» **Directions for this task**: Write out the listing from the line with "Manor By The Spot Apartment *" to the line with "Am 11.9.1994 gehörte", both lines included, exactly and nothing beyond. Leave pictures out.

» **Exercise material**:
/---
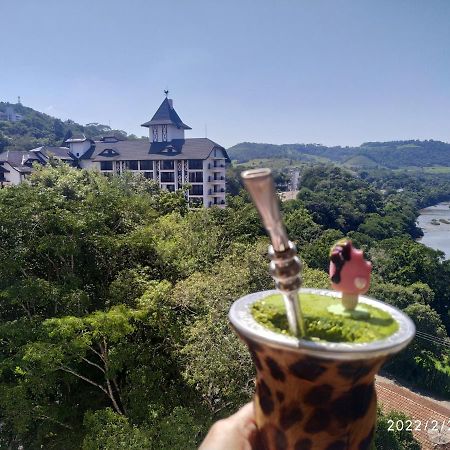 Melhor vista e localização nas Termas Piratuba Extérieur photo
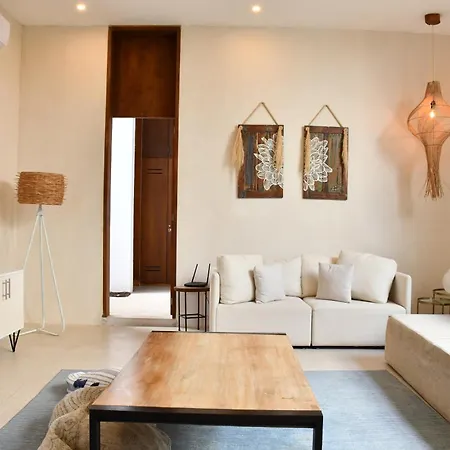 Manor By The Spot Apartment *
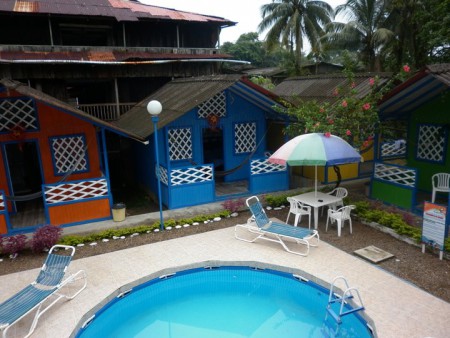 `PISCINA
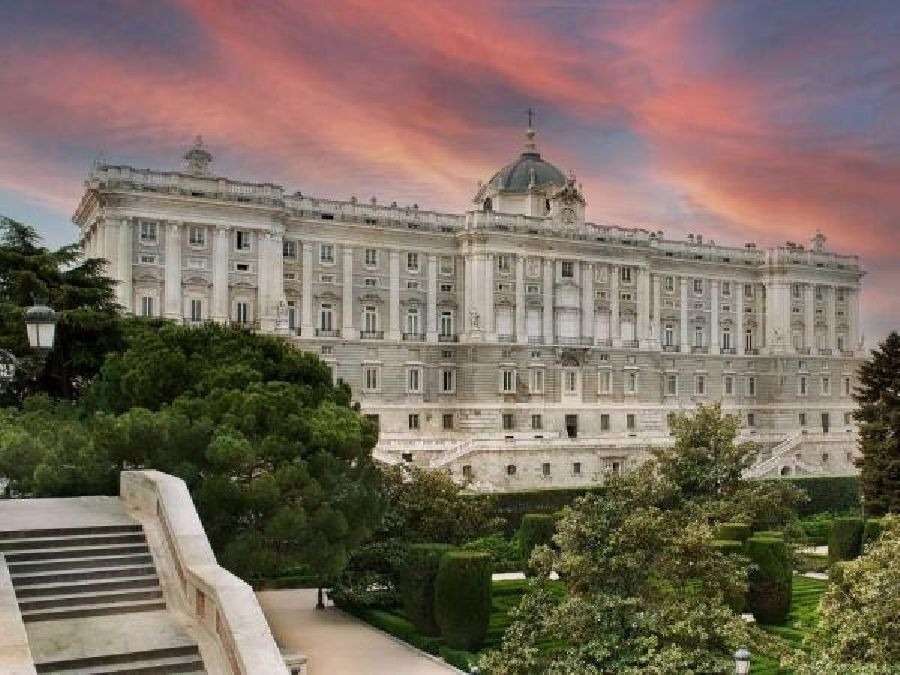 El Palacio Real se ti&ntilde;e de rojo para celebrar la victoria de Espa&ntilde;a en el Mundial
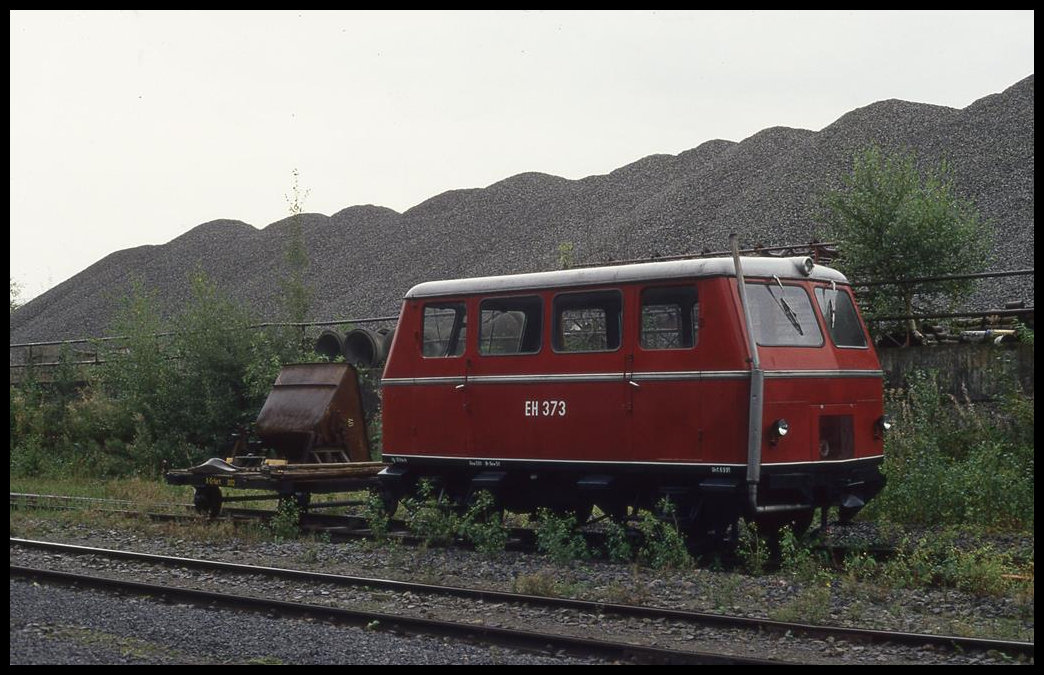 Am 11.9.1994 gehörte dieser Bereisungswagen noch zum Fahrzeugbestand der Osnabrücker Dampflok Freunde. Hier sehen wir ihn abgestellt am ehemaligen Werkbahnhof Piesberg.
\---
/---
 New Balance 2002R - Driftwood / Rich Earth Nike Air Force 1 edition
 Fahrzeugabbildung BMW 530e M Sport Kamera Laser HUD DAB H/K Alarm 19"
\---
» **Solved problem**:
 Manor By The Spot Apartment *
 `PISCINA
 El Palacio Real se ti&ntilde;e de rojo para celebrar la victoria de Espa&ntilde;a en el Mundial
 Am 11.9.1994 gehörte dieser Bereisungswagen noch zum Fahrzeugbestand der Osnabrücker Dampflok Freunde. Hier sehen wir ihn abgestellt am ehemaligen Werkbahnhof Piesberg.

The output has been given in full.